Filesystem snapshots dog slow

Kostik Belousov kostikbel at gmail.com
Wed Oct 17 05:43:30 PDT 2007


On Wed, Oct 17, 2007 at 08:00:03PM +1000, Peter Jeremy wrote:
> On 2007-Oct-16 06:54:11 -0500, Eric Anderson <anderson at freebsd.org> wrote:
> >will give you a good understanding of what the issue is. Essentially, your 
> >disk is hammered making copies of all the cylinder groups, skipping those 
> >that are 'busy', and coming back to them later. On a 200Gb disk, you could 
> >have 1000 cylinder groups, each having to be locked, copied, unlocked, and 
> >then checked again for any subsequent changes.  The stalls you see are when 
> >there are lock contentions, or disk IO issues.  On a single disk (like your 
> >setup above), your snapshots will take forever since there is very little 
> >random IO performance available to you.
> 
> That said, there is a fair amount of scope available for improving
> both the creation and deletion performance.
> 
> Firstly, it's not clear to me that having more than a few hundred CGs
> has any real benefits.  There was a massive gain in moving from
> (effectively) a single CG in pre-FFS to a few dozen CGs in FFS as it
> was first introduced.  Modern disks are roughly 5 orders of magnitude
> larger and voice-coil actuators mean that seek times are almost
> independent of distance.  CG sizes are currently limited by the
> requirement that the cylinder group (including cylinder group maps)
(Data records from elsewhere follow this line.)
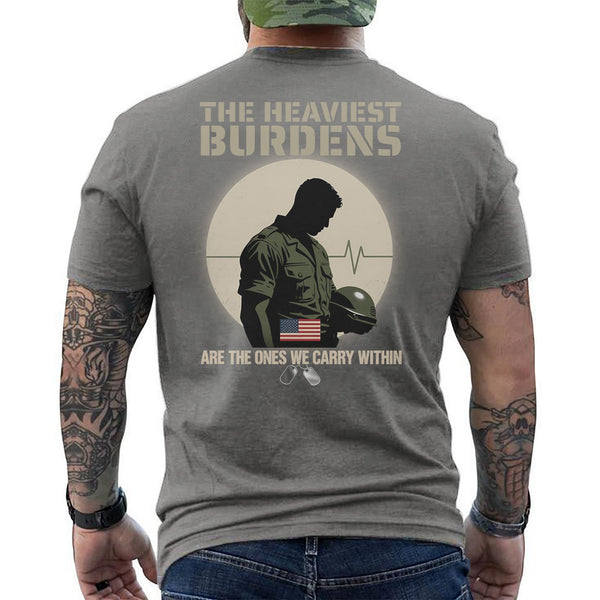 The Heaviest Burdens Are the Ones We Carry T-Shirt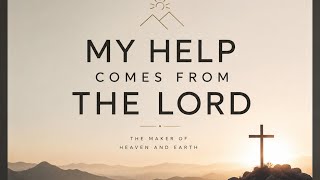    My Help Comes From the Lord | Powerful Worship Song | Psalm 121:2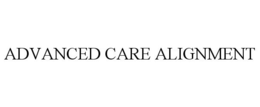 ADVANCED CARE ALIGNMENT trademark
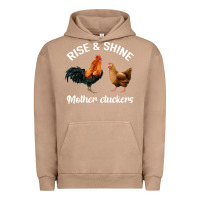 Pigment Burro Rise and Shine Mother Cluckers Urban Hoodie - Bettercallsaul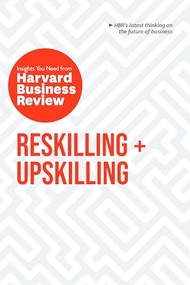 Reskilling and Upskilling: The Insights You Need from Harvard Business Review by Harvard Business Review, Peter Cappelli, Ginni Rometty, Boris Groysberg, Raffaella Sadun, 9798892791021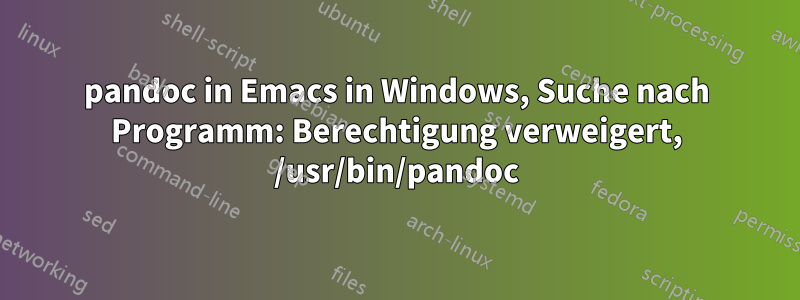 pandoc in Emacs in Windows, Suche nach Programm: Berechtigung verweigert, /usr/bin/pandoc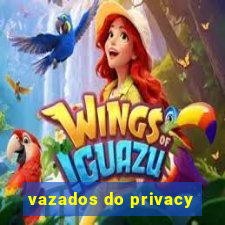 vazados do privacy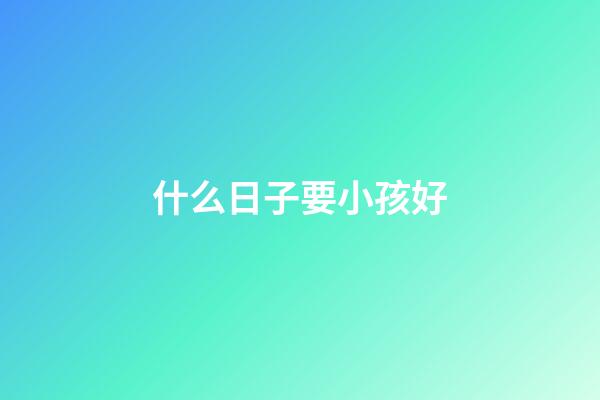 什么日子要小孩好
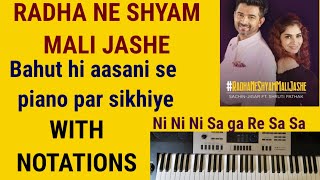 RADHA NE SHYAM MALI JASHE|"WITH NOTATIONS"| BAHUT HI AASANI SE PIANO PAR SIKHIYE| MANASVI KUMAWAT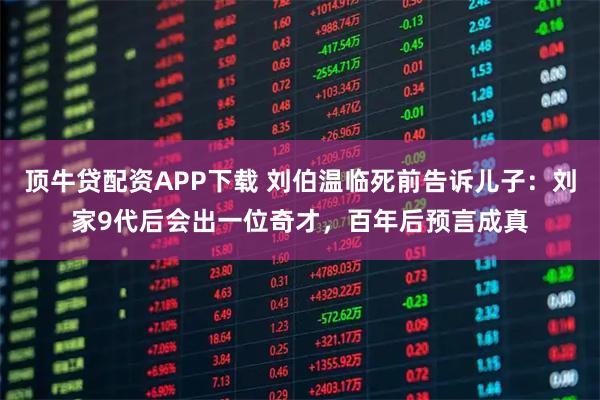 顶牛贷配资APP下载 刘伯温临死前告诉儿子：刘家9代后会出一位奇才，百年后预言成真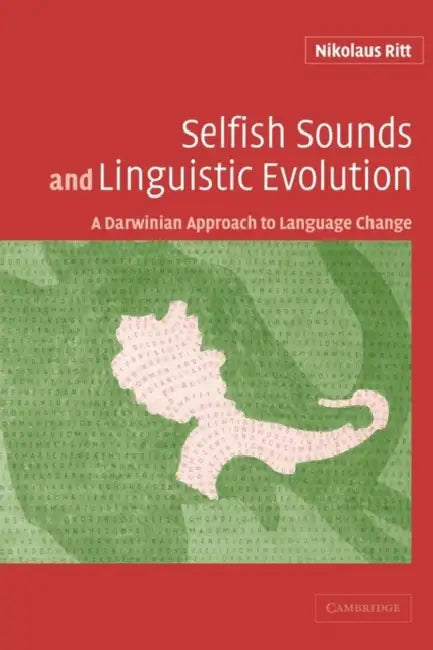 Selfish Sounds and Linguistic Evolution: A Darwinian Approach to Language Change by Nikolaus Ritt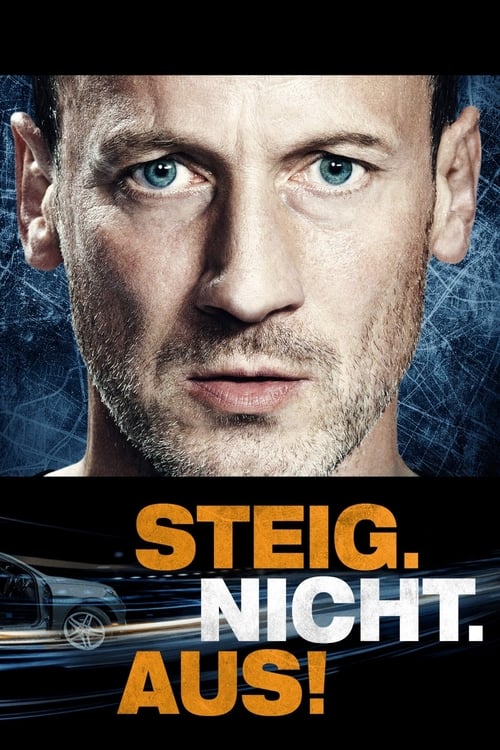 Steig. Nicht. Aus! cover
> must fit into a single FS block.  Removing this restriction would
> allow CGs to be much larger.
> 
> Secondly, all the I/O during both snapshot creation and deletion is
> in FS-block size chunks.  Increasing the I/O size would significantly
> increase the I/O performance.  Whilst it doesn't make sense to read
> more than you need, there still appears to be plenty of scope to
> combine writes.
> 
> Between these two items, I would expect potential performance gains
> of at least 20:1.
> 
> Note that I'm not suggesting that either of these items is trivial.
This is, unfortunately, quite true. Allowing non-atomic updates of the
cg block means a lot of complications in the softupdate code, IMHO.